Cette action est ouverte à l’encontre des dirigeants de personnes morales de droit privé soumises à une procédure collective. Lorsque le dirigeant est lui-même une personne morale, la ou les personnes physiques représentants permanents peuvent être poursuivies sans que la poursuite de la personne morale dirigeante ne soit exigée. Il en est de même des entrepreneurs individuels à responsabilité limitée.
Il peut s’agir aussi bien d’un dirigeant de droit qu’un dirigeant de fait, rémunéré ou non.
Le dirigeant poursuivi doit en outre être en fonction à la date d’ouverture de la procédure collective.
A défaut, sa démission doit être intervenue alors que la situation de la société était d’ores et déjà irrémédiablement compromise.
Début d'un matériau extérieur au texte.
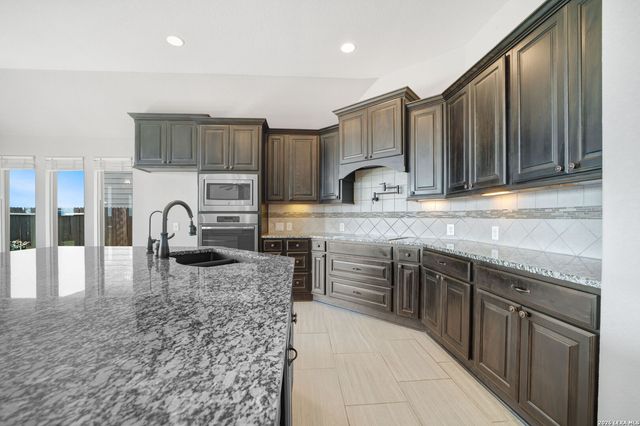 2725 SADDLEHORN DR, Seguin, TX 78155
La Cour de cassation a ainsi jugé que l’état de cessation des paiements doit exister à la date où le dirigeant a cessé ses fonctions (Cass. Com. 14 octobre 2008, n° 07-19.000). Il n’est toutefois pas nécessaire que le montant exact de l’insuffisance d’actif soit déterminé à cette date.
Attention, pour être invocable la cessation des fonctions doit être réelle. Aussi, un dirigeant qui se comporterait en dirigeant de fait pourrait être poursuivi pour des actes postérieurs à sa démission (Cass. Com. 15 mars 2005, n° 03-19.577).
La Chambre commerciale de la Cour de cassation a par ailleurs par arrêt du 16 juin 2021 (n° 20-15.399) rappelé que la responsabilité du dirigeant ne pouvait pas être retenue dès lors que sa démission n’était pas contestée et ce quand bien même elle n’aurait fait l’objet d’aucune publicité :
« Vu l'article L. 123-9 du code de commerce :
6. Selon ce texte, la personne assujettie à immatriculation ne peut, dans l'exercice de son activité, opposer aux tiers les faits et actes sujets à mention que si ces derniers ont été publiés au registre du commerce et des sociétés. Néanmoins, l'inopposabilité ne concerne pas les faits et actes qui mettent en jeu sa responsabilité personnelle sur le fondement de l'article L. 651-2 du code de commerce ;
7. Pour condamner Mme [E] au paiement de partie de l'insuffisance d'actif, l'arrêt relève que M. [Q] s'est présenté pour le compte de celle-ci, désignée comme gérante, à l'audience ayant conduit à l'ouverture de la procédure collective, le 27 novembre 2009, que l'extrait Kbis de la société LFT établi au 29 novembre 2009 la mentionne comme en étant la dirigeante, et que le procès-verbal d'assemblée générale produit pour attester de sa démission le 30 octobre 2009 ne comporte pas le nom du dirigeant démissionnaire et n'a fait l'objet d'aucune publicité, de sorte qu'il n'est pas opposable aux tiers.
8. En statuant ainsi, alors que la démission de Mme [E] le 30 octobre 2009 n'était pas contestée, la cour d'appel a violé le texte susvisé ».
Ce raisonnement peut également trouver à s’appliquer aux actions en responsabilité conduisant à la condamnation du dirigeant à une mesure de faillite personnelle ou à une interdiction de gérer.
En cas de poursuites, il pourra ainsi y avoir matière à contestation lorsque le dirigeant poursuivi a démissionné.